→ **ACTION ITEM**
Word for word, restate all the records; images are not part of the copy.

Stored entries:
################

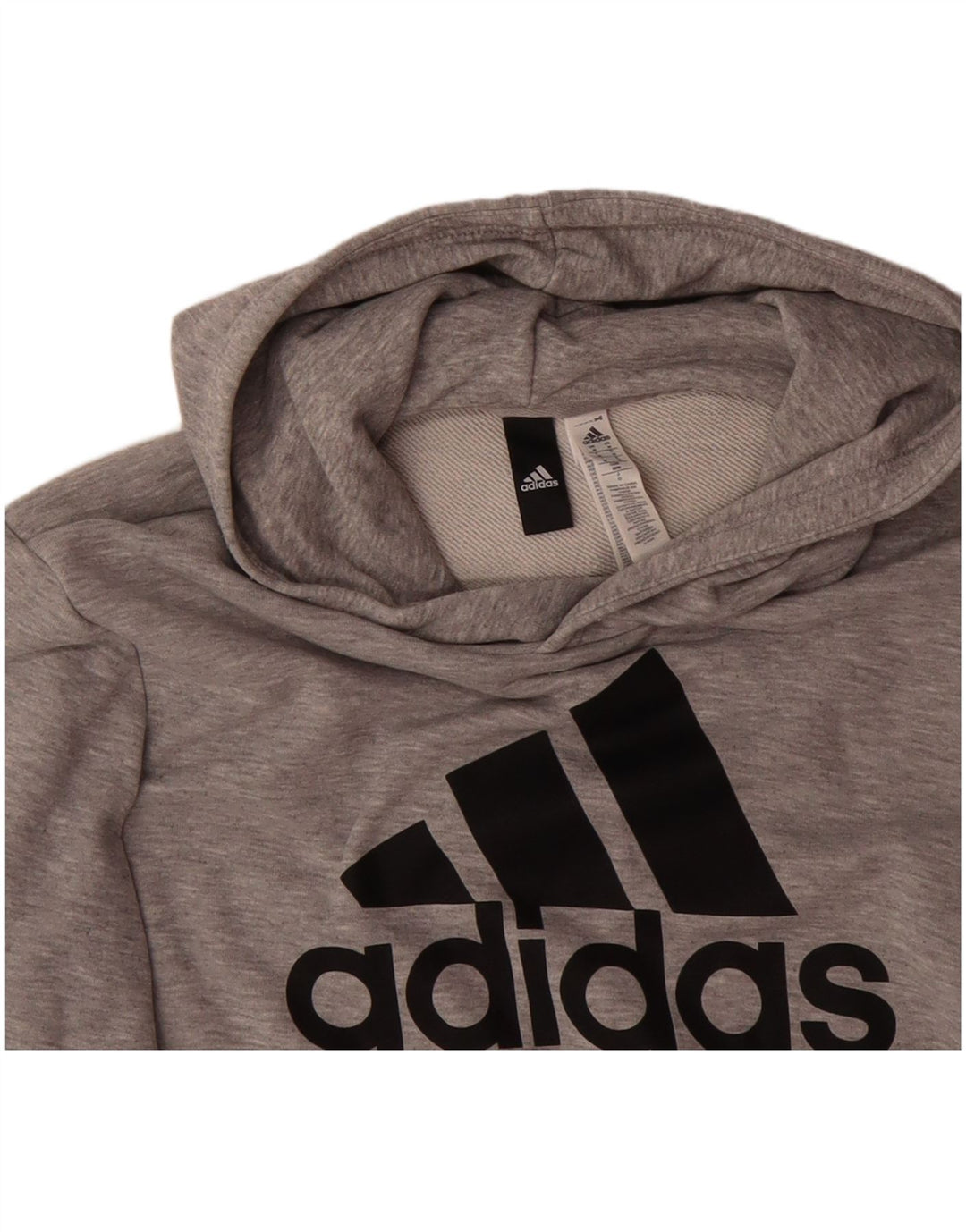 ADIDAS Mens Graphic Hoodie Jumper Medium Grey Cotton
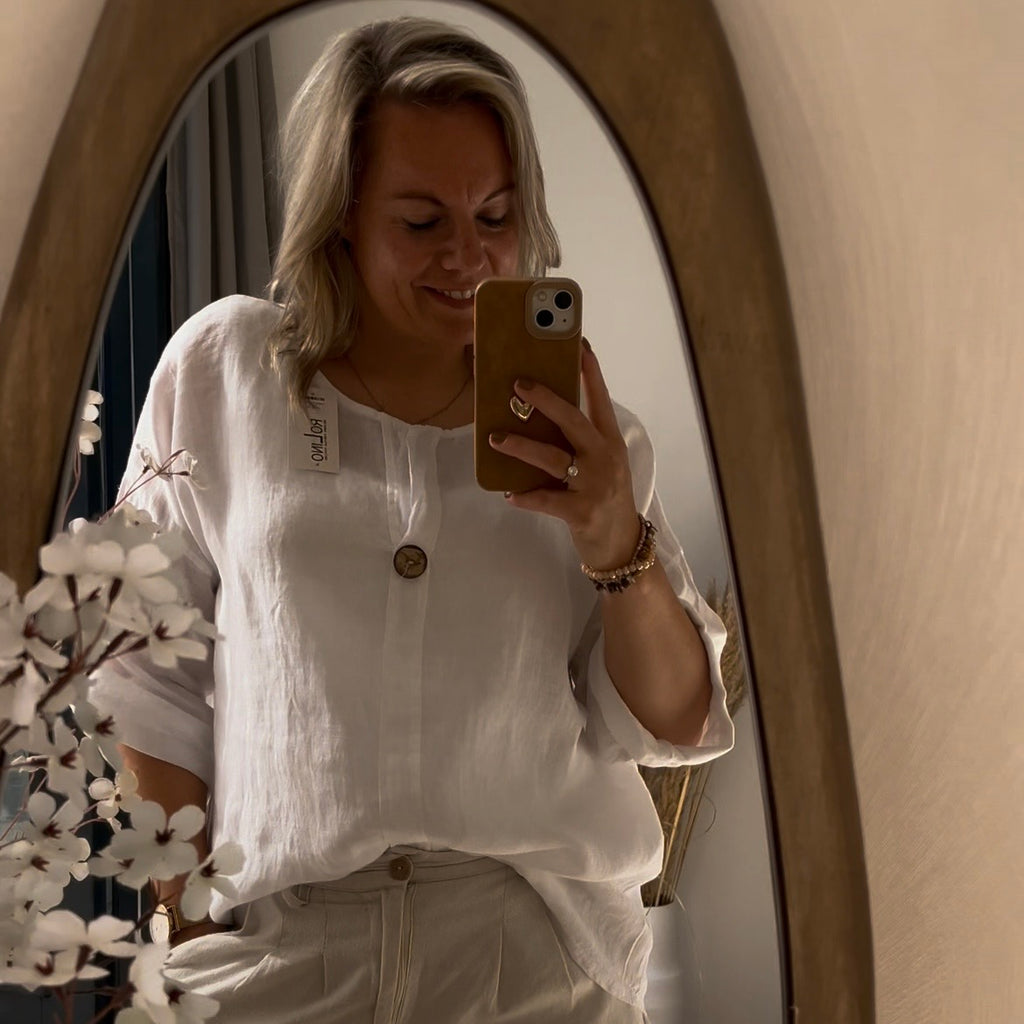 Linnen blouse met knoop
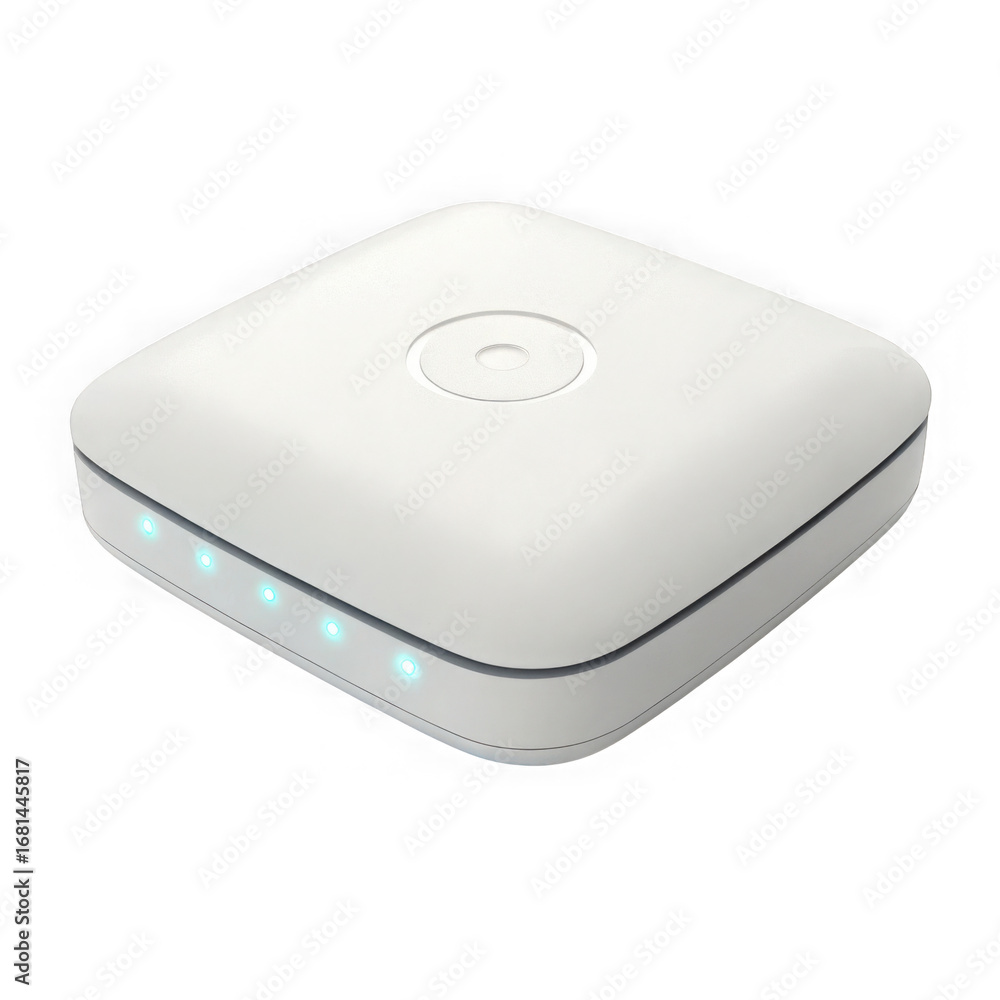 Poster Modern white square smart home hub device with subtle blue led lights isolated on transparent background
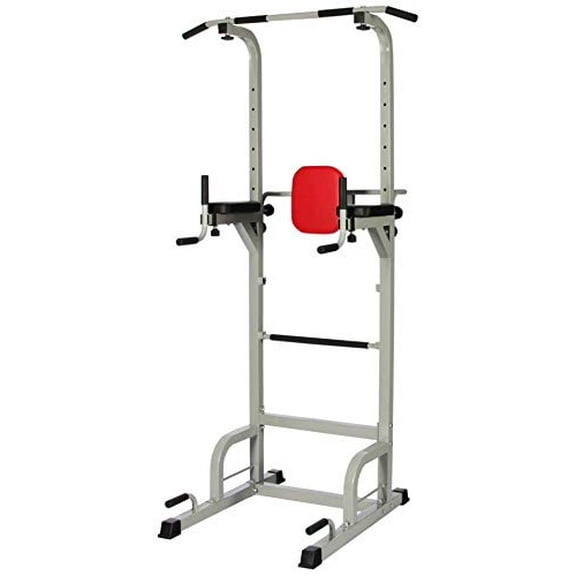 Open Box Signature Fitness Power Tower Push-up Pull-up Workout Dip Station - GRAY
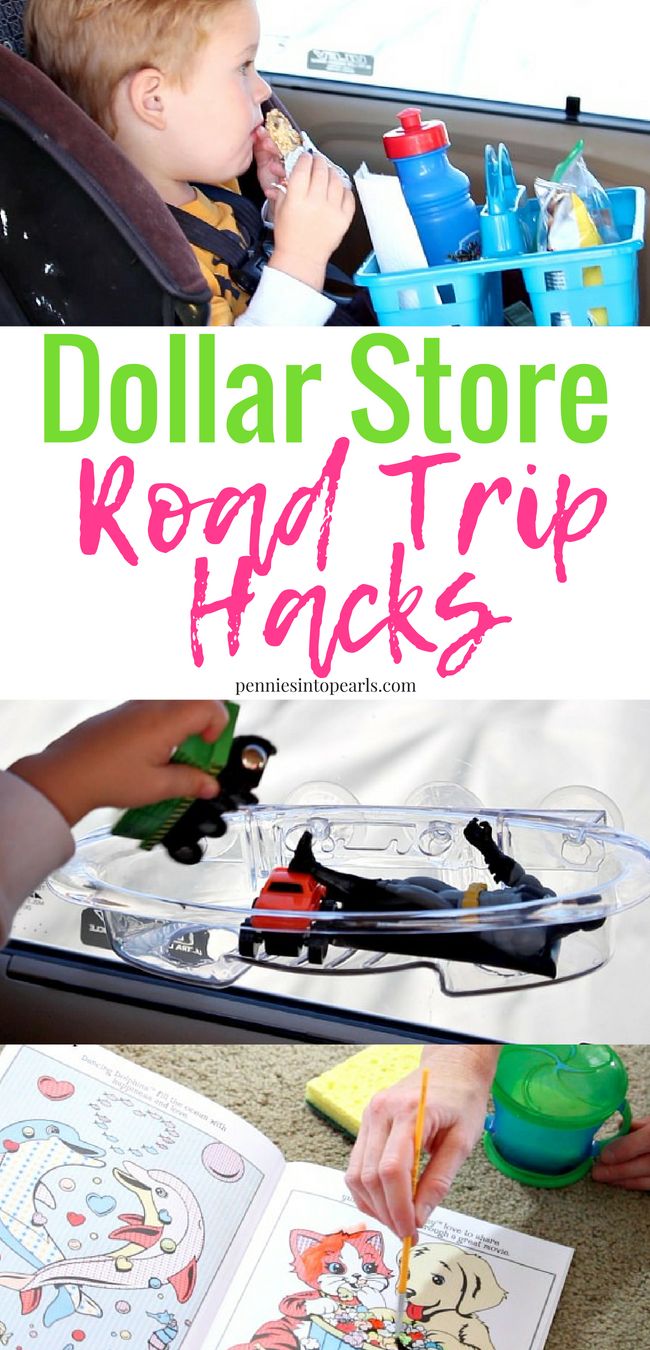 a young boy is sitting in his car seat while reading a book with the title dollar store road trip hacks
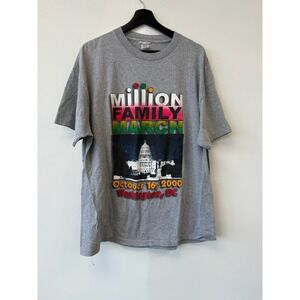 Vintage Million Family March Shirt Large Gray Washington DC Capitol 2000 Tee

################

→ **OUTPUT OF THE TASK**
 ADIDAS Mens Graphic Hoodie Jumper Medium Grey Cotton
 Linnen blouse met knoop
 Poster Modern white square smart home hub device with subtle blue led lights isolated on transparent background
 Open Box Signature Fitness Power Tower Push-up Pull-up Workout Dip Station - GRAY
 a young boy is sitting in his car seat while reading a book with the title dollar store road trip hacks
 Vintage Million Family March Shirt Large Gray Washington DC Capitol 2000 Tee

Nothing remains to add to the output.